The effects of β-glucan samples on cytokine expression of THP-1 cells preactivated with PMA. *p < .05; **p < .01; ***p < .001 versus PBS.

In conclusion, findings of this in-vitro investigation showed that β-glucan from Lentinus edodes demonstrated potential for the treatment of lung injury. When compared to a commercial source of the same mushroom, the in-house Lentinan extract contained higher levels of β-glucan and lower levels of α-glucan. Both Lentinan products reduced inflammation in a lung epithelial model, and IHL achieved this effect at lower doses. Physicochemical characterization studies found important differences in the composition of the Lentinan extracts, as determined by SEM, ATR-FTIR, and NMR, with the CL exhibiting higher amounts of alpha-glucans and correspondingly less β-glucans. The two Lentinan extracts demonstrated varying immunomodulatory activities. Both Lentinan extracts reduced cytokine induced NF-κB activation in human alveolar epithelial A549 cells, with the IHL extract proving more effective at lower doses. In contrast, in activated THP-1 derived macrophages, the CL extract more effectively attenuated pro-inflammatory cytokine production (TNF-α, IL-8, IL-2, IL-6, IL-22). The CL extract attenuated oxidative stress-induced early apoptosis, while the IHL extract attenuated late apoptosis. The implications of these findings infers that defining a reliable and repeatable source of β-glucan, where processes can be tailored to control chain lengths may potentially reduce key cytokines involved in cytokine storm experienced in severe cases of COVID-19. In the future, β-glucans may be delivered as a tailored cocktail matched against critical time-points in the form of future nutraceutical-based intervention for tackling COVID-19. Such β-glucans immunomodulatory cocktails may also have adjacent applications for addressing ARDS that is an important pathophysiological event seen with sepsis. These purified β-glucan combinational cocktails may be produced on a large commercial scale using bioreactors for global deployment (Tafuek et al., 2020).

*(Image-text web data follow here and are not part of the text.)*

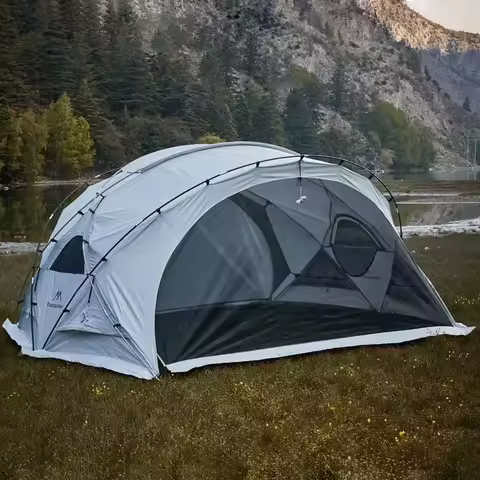 Spring Summer 15D Oxford Rainproof Hemisphere Dome Tent Tunnel Leisure Sun Shelter Camping Semicircl
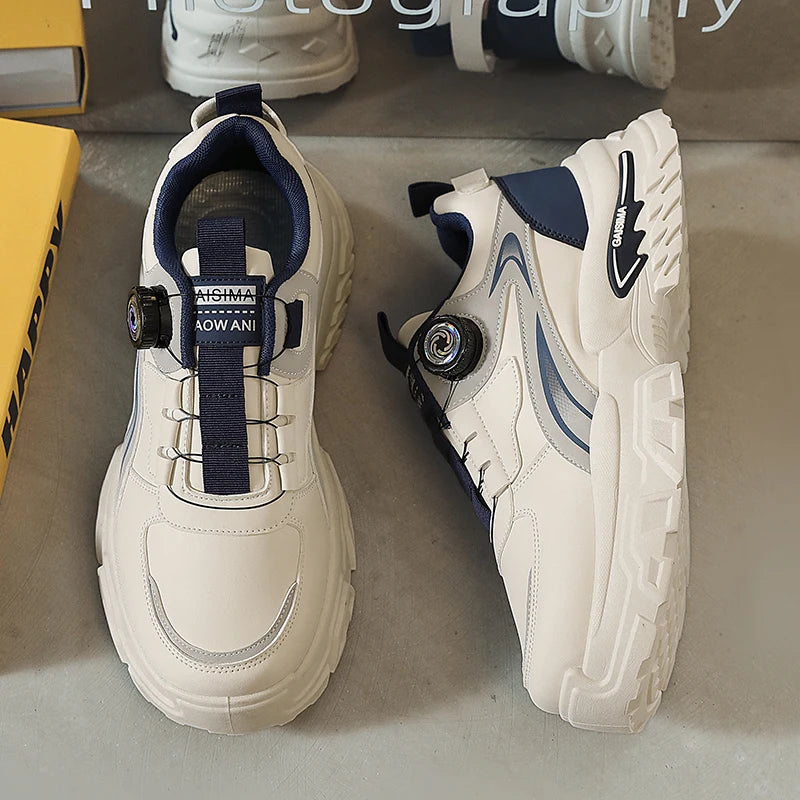 women's sports shoes 2026 Autumn New Men's Versatile High-Top Trendy Thick-Soled Running Shoes Breathable Casual Trendy Shoes
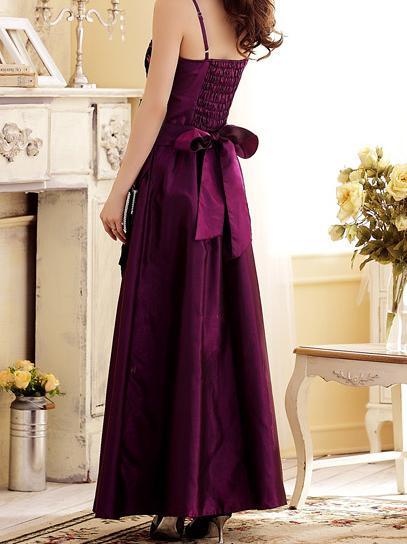 Sexy Spaghetti Strap Backless Evening Gown Maxi Dress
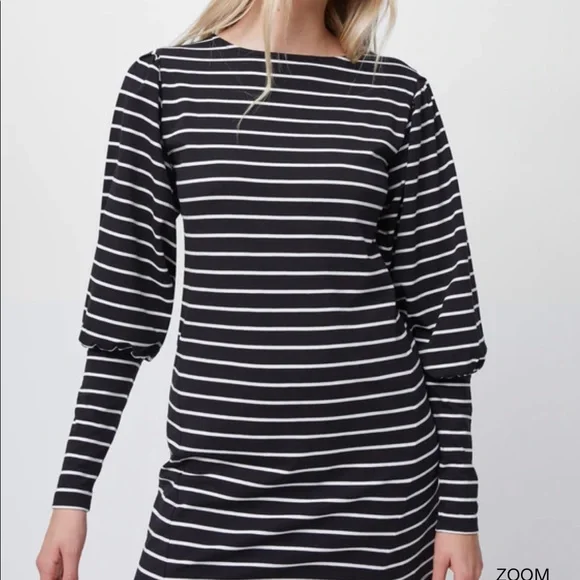 french connection jersey dress French Connection Women's Sally Jersey Dress - Black/White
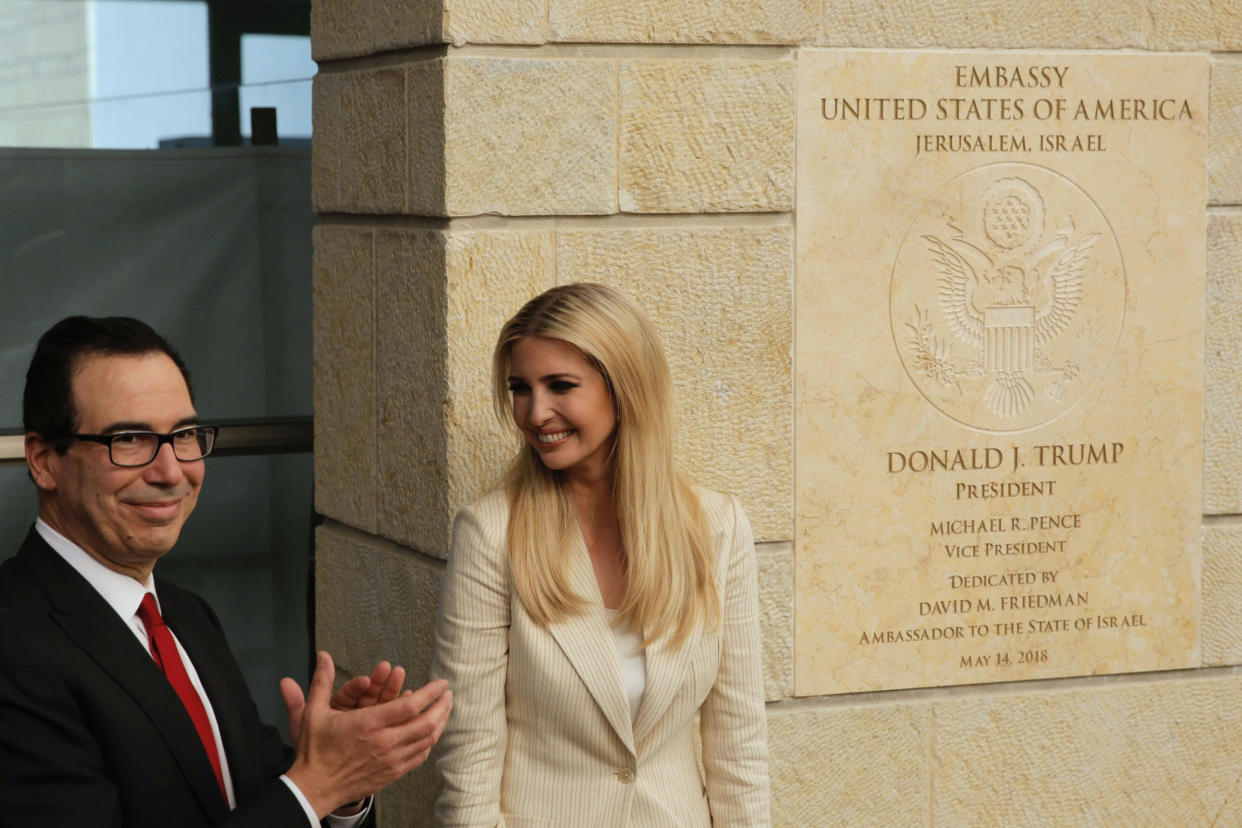 Ivanka Trump,Steve Mnuchin (Sebastian Scheiner / AP)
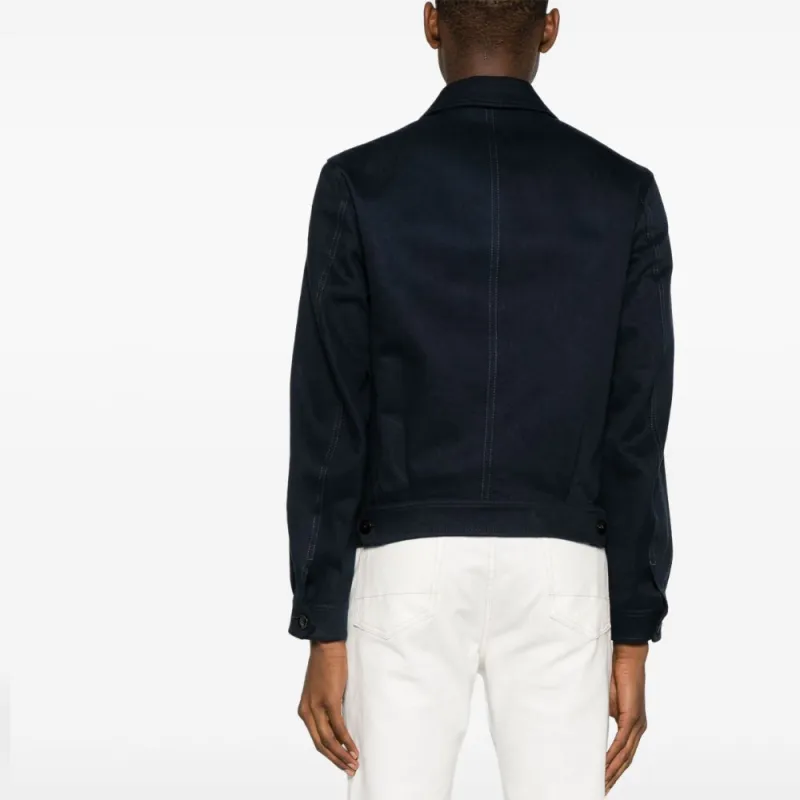TOM FORD Straight point Collar Shirt Jacket-2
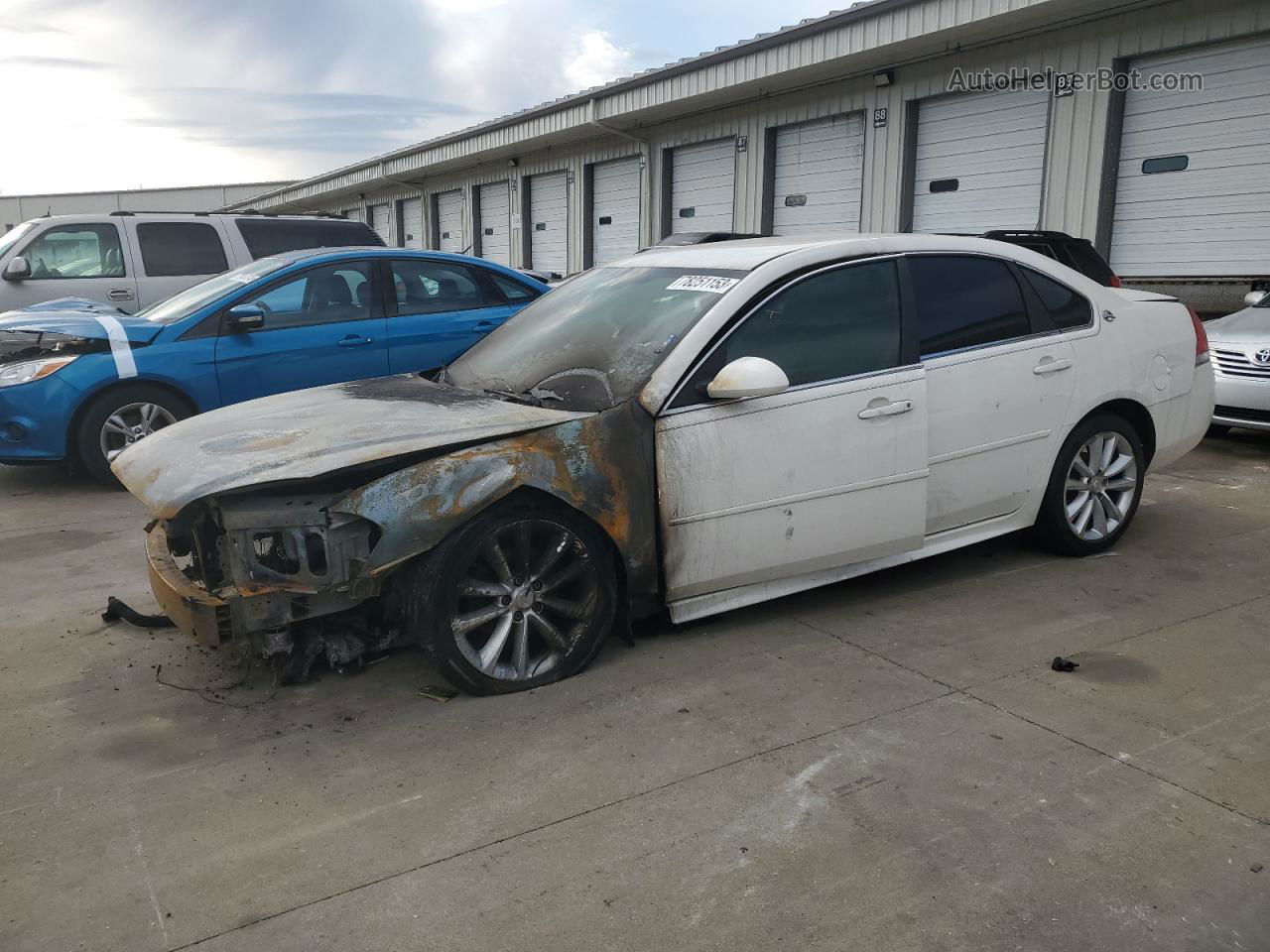 2009 Chevrolet Impala Ls White vin: 2G1WB57N291228160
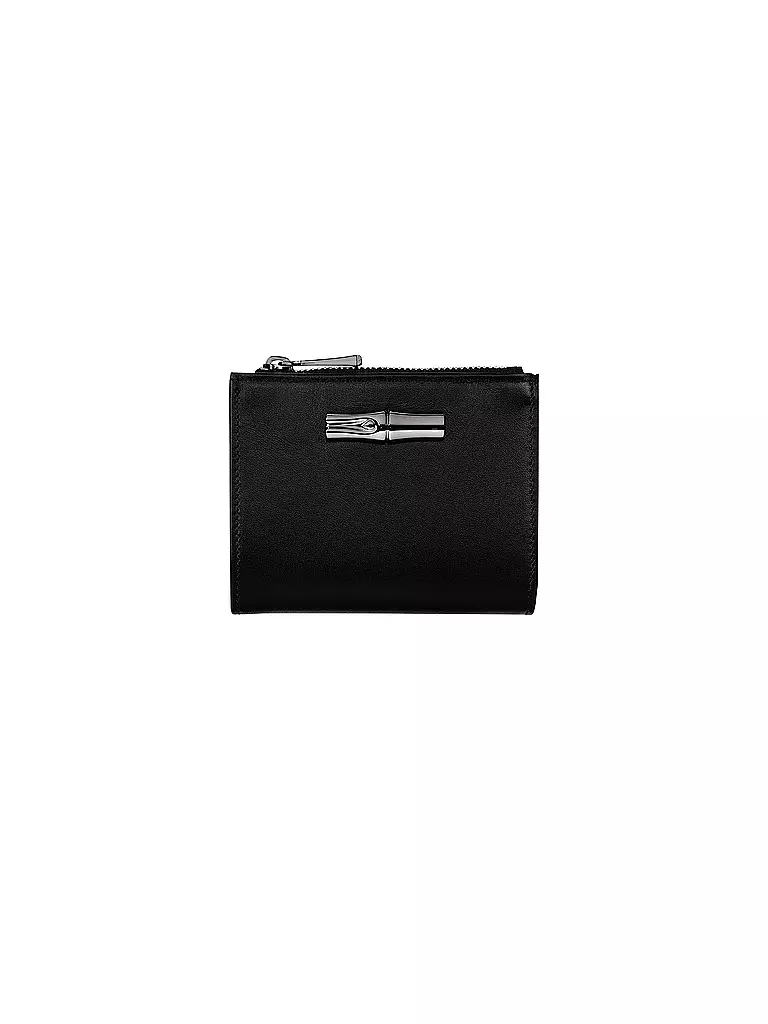 LONGCHAMP | Roseau Box Brieftasche im Kompaktformat, Black | schwarz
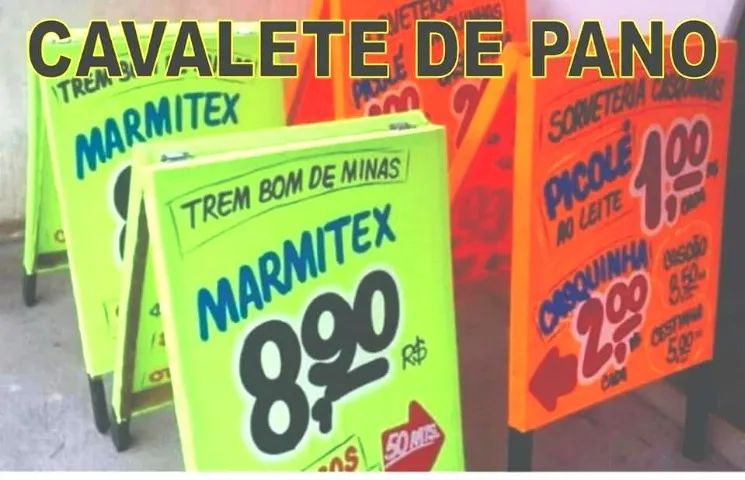 Faixas e Cavaletes neon - Foto 2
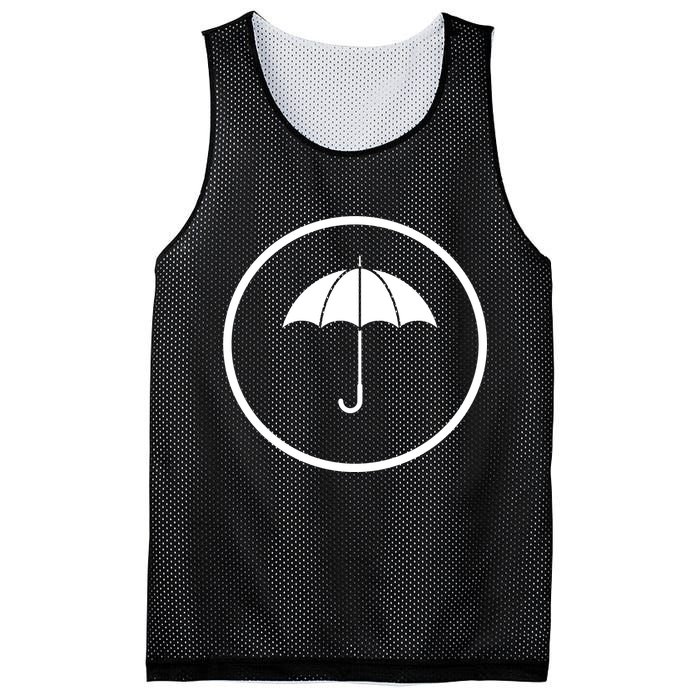 Umbrella Simple Emblem Mesh Reversible Basketball Jersey Tank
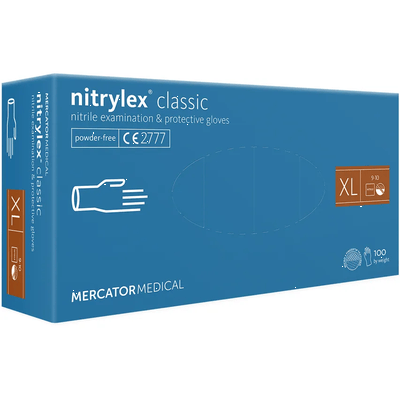Nitrylex Classic Guanti Nitrile Senza Polvere Taglia XL Colore Blu 100 ...
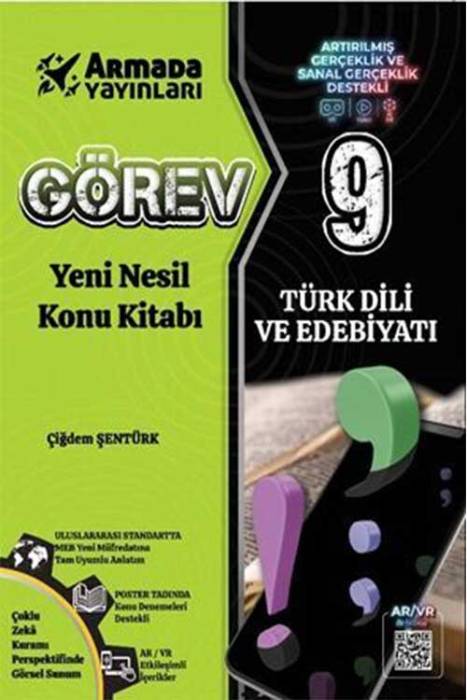 Armada 9. Sınıf Görev Türk Dili ve Edebiyatı Yeni Nesil Konu Kitabı Armada Yayınları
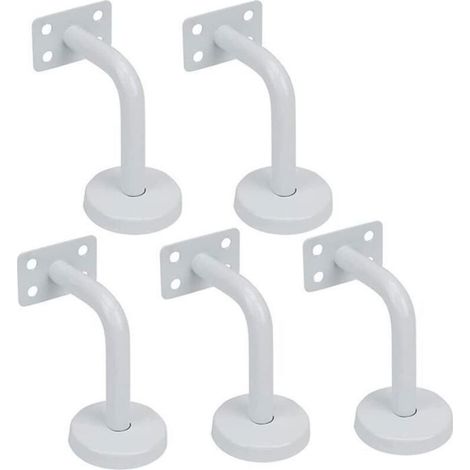 Support Main Courante Escalier - Acier Inoxydable - 60 x 80 mm - Pour Intérieur Extérieur - 5 Pièces (1/4)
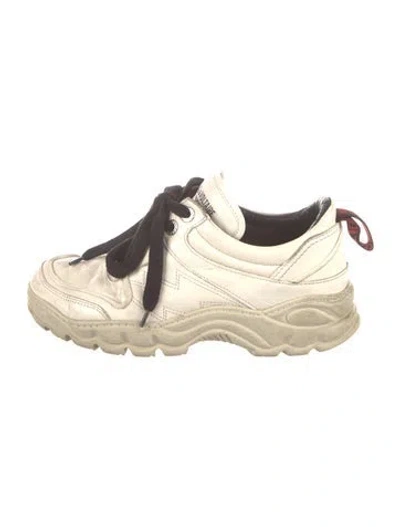 Pre-owned Zadig & Voltaire Leather Chunky Sneakers In Neutral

To maintain functional bioactivity and to increase β-glucan yield, less harmful extraction processes are required that includes cessation of enzyme and harsh chemical usage as adopted using this IHL approach. Findings from this timely study highlight the putative potential for use β-glucan extractions from the edible mushroom Future research is also required to study putative relationship (if any) of variation in the extraction methods producing different β-glucan preparations and cytokine storm associated with COVID-19. L. edodes may also have future potential by way of influencing immunotherapies for addressing COVID-19 that rely on reducing cytokine storm. Further clinical studies are merited to refine β-glucan as a countermeasure for tackling cytokine storm that causes ARDS, as evident with COVID-19.

Funding

The authors acknowledge funding support from the Project [grant number HRB-HRA-POR-2014-664], Republic of Ireland, and Doctoral Scholarship [grant number AIT0614], Republic of Ireland.

Contributions to publication

All author contributed equally to this research paper.

Declaration of competing interest

The authors declare no conflict of interest.